Supplied records ▸
^^^^^^^^^^^^^^^^
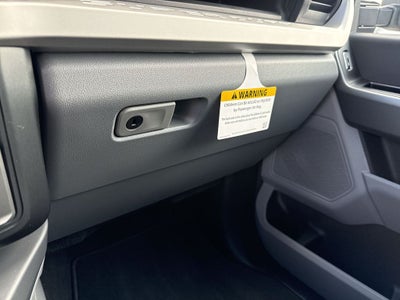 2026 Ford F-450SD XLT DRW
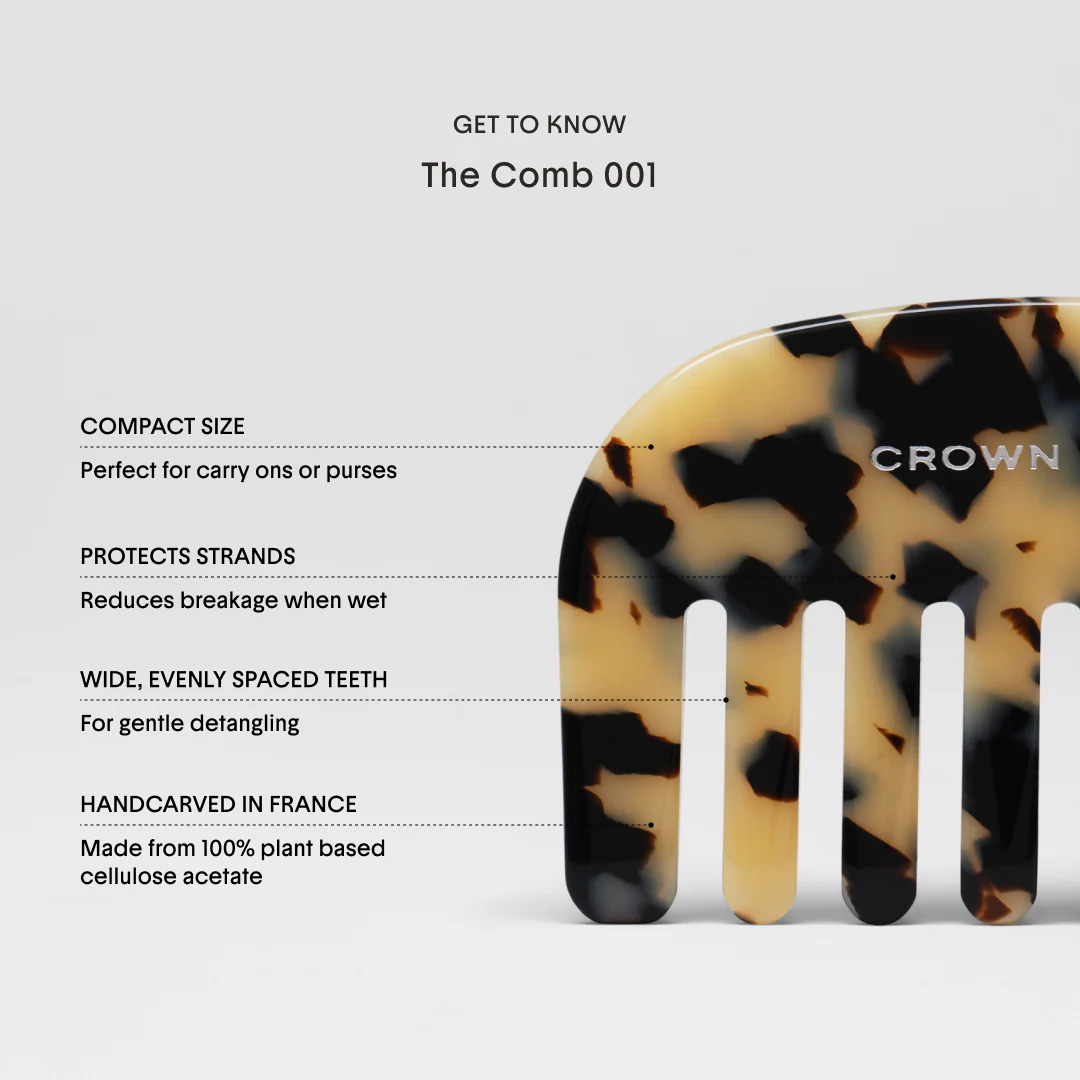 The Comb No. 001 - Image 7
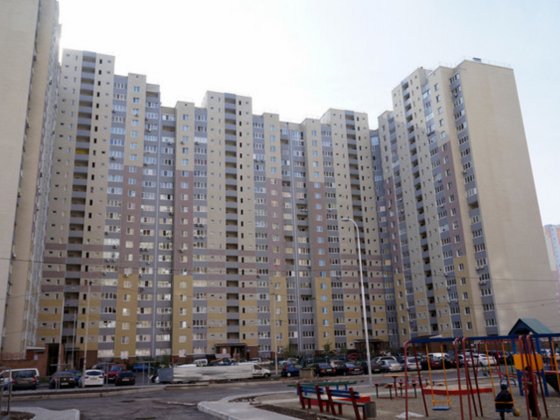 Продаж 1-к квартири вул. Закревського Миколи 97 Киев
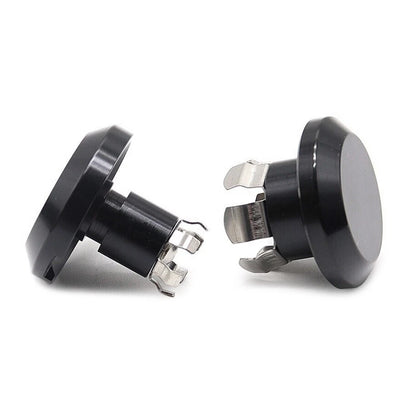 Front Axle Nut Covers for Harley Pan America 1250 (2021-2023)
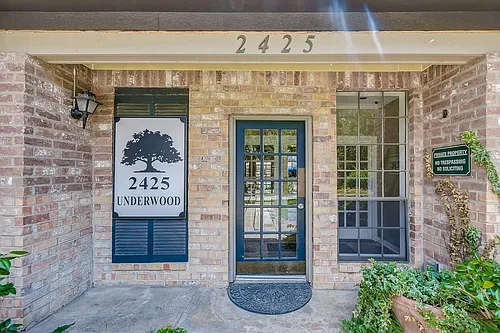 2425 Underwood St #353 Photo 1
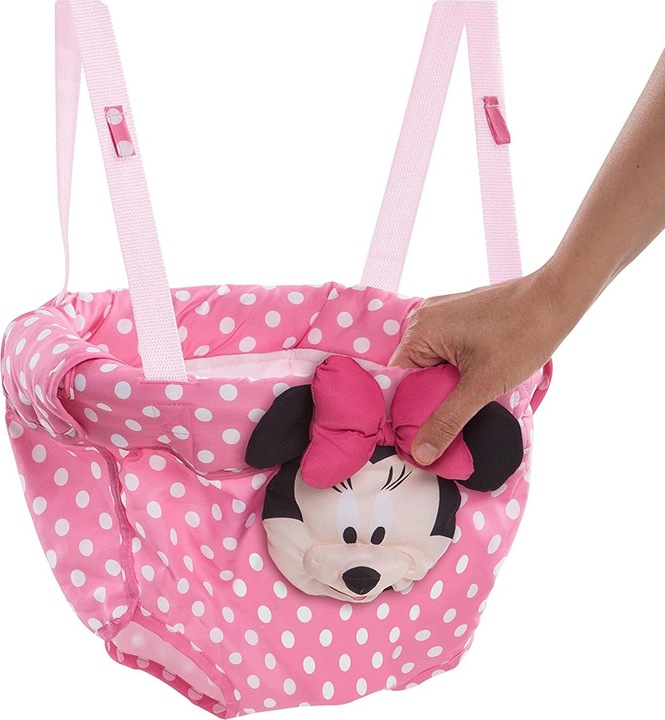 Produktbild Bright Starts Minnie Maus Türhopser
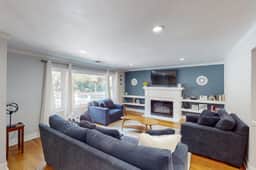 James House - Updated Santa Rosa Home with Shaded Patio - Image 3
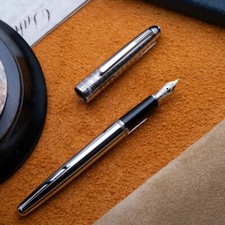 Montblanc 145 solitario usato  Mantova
^^^^^^^^^^^^^^^^
What you have to do ▸ Return the records above exactly, without the pictures.

Completed exercise ▸
 2026 Ford F-450SD XLT DRW
 The Comb No. 001 - Image 7
 Продаж 1-к квартири вул. Закревського Миколи 97 Киев
 Front Axle Nut Covers for Harley Pan America 1250 (2021-2023)
 2425 Underwood St #353 Photo 1
 Produktbild Bright Starts Minnie Maus Türhopser
 James House - Updated Santa Rosa Home with Shaded Patio - Image 3
 Montblanc 145 solitario usato  Mantova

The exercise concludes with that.